Work request: Transcribe only the lines in the data below falling between the line with "Dr.Rapeti Tag Security" and the line with "please show all", including those two lines, and leave out any picture.

Data for this task:
★ ★ ★ ★ ★ ★ ★

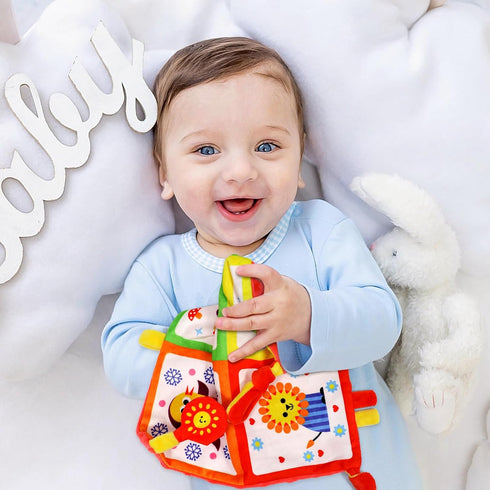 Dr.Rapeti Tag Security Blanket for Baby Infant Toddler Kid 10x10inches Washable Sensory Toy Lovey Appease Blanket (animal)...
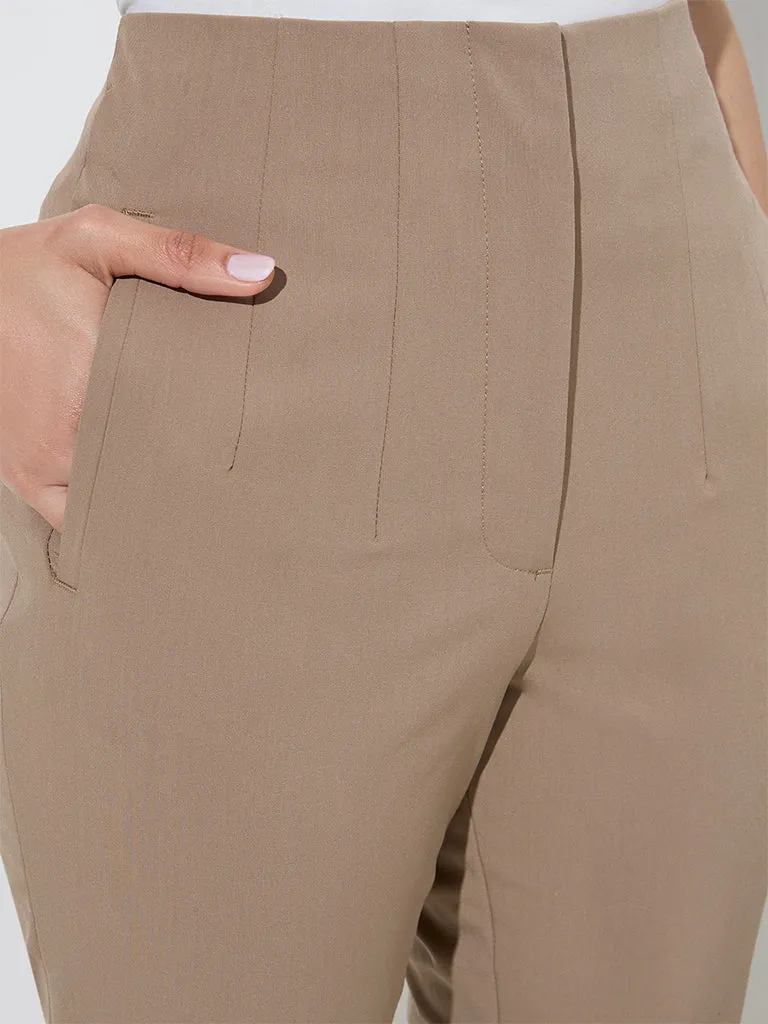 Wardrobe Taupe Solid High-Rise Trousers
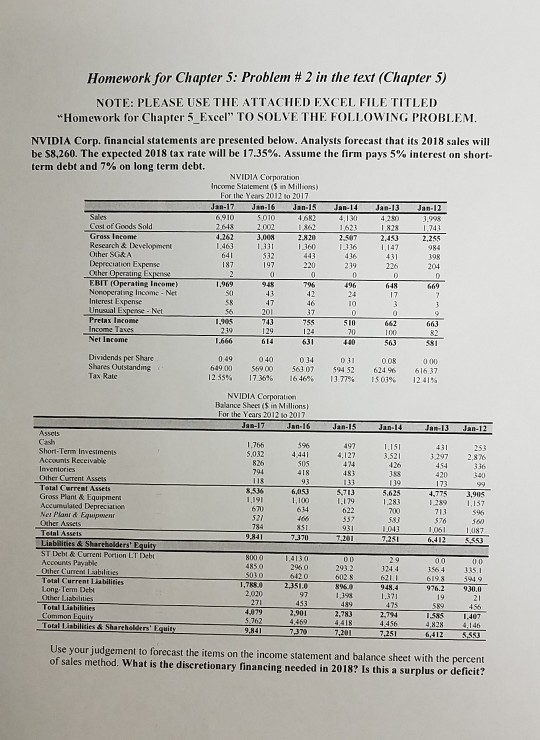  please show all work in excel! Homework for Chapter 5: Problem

★ ★ ★ ★ ★ ★ ★

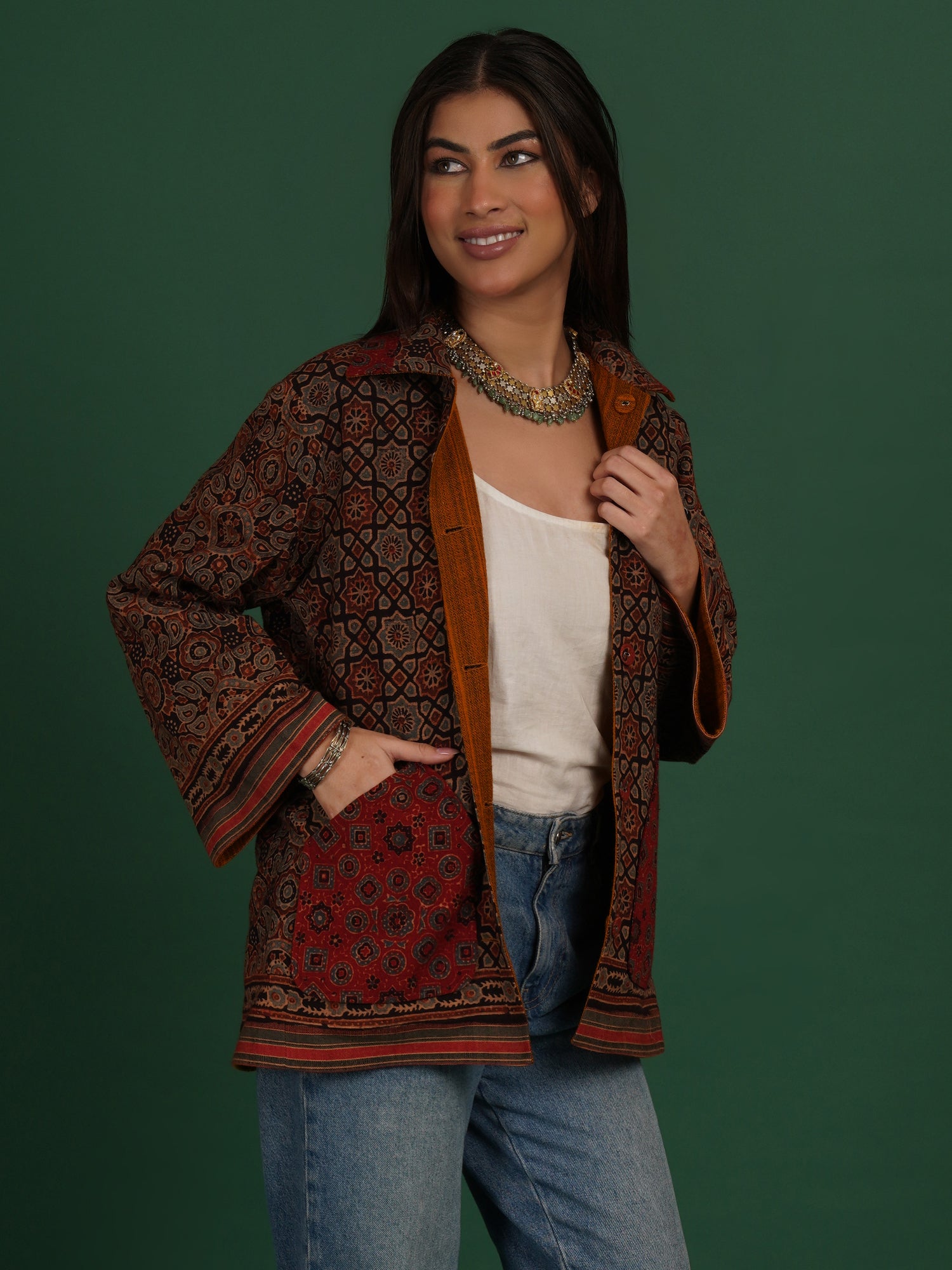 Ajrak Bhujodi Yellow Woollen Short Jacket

★ ★ ★ ★ ★ ★ ★

Written response:
 Dr.Rapeti Tag Security Blanket for Baby Infant Toddler Kid 10x10inches Washable Sensory Toy Lovey Appease Blanket (animal)...
 Wardrobe Taupe Solid High-Rise Trousers
  please show all work in excel! Homework for Chapter 5: Problem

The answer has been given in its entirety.